Extremist form of the backwoods Southwestern dialect: Arkansas Gossips (Sister Hotchkiss) “Look at that-air grindstone, s’I; want to tell me’t any cretur ‘t’s in his right mind’s a-goin’ to scrabble all them crazy things onto a grindstone? s’I.”
Ordinary “Pike County”: Huck “My folks was living in Pike County, in Missouri, where I was born, and they all died off but me and pa and my brother Ike.”
Modified “Pike County”: Thief on the Sir Walter Scott, Jake Packard “I’m unfavorable to killin’ a man as long as you can git aroun’ it, it ain’t good sense, it ain’t good morals. Ain’t I right?”
Modified “Pike County”: King “Well, I’d ben a-runnin’ a little temperence revival thar ‘bout a week . . . and business a-growin’ all the time, when somehow or another a little report got around last night that I had a way of puttin’ in my time with a private jug on the sly.”
Modified “Pike County”: Bricksville Loafers “Gimme a chaw ‘v tobacker, Hank.”
“Cain’t; I hain’t got but one chaw left. Ask Bill.”
Modified “Pike County”: Aunt Sally and Uncle Silas Phelps “Good-ness gracious!” she says, “what in the world can have become of him?”
“I can’t imagine,” says the old gentleman; “and I must say it makes me dreadful uneasy.”
“Uneasy!” she says: “I’m ready to go distracted! He must ‘a’ come; and you’ve missed him along the road. I know it’s so—something tells me so. . . . Why Silas! Look yonder-up the road!—ain’t that somebody coming?”

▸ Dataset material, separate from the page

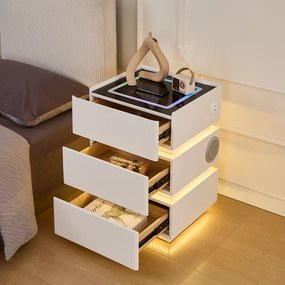 SÉLIA — Noptieră inteligentă cu încărcare Wireless, Bluetooth Stereo, iluminare RGB, USB + Type-C și senzor de mișcare, Alb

Twain wrote in the late nineteenth century when literary dialects were the fashion of the times. Although he helped to create the dialectal mode of writing in American literature, he, at the same time, drew from his contemporaries who were following the same tradition. It is impossible to imagine Huckleberry Finn written in standard English. Twain’s writings were not made up of the dead language of the European past, but exuded the living colloquial speech of his day. This is what has made The Adventures of Huckleberry Finn a truly American novel.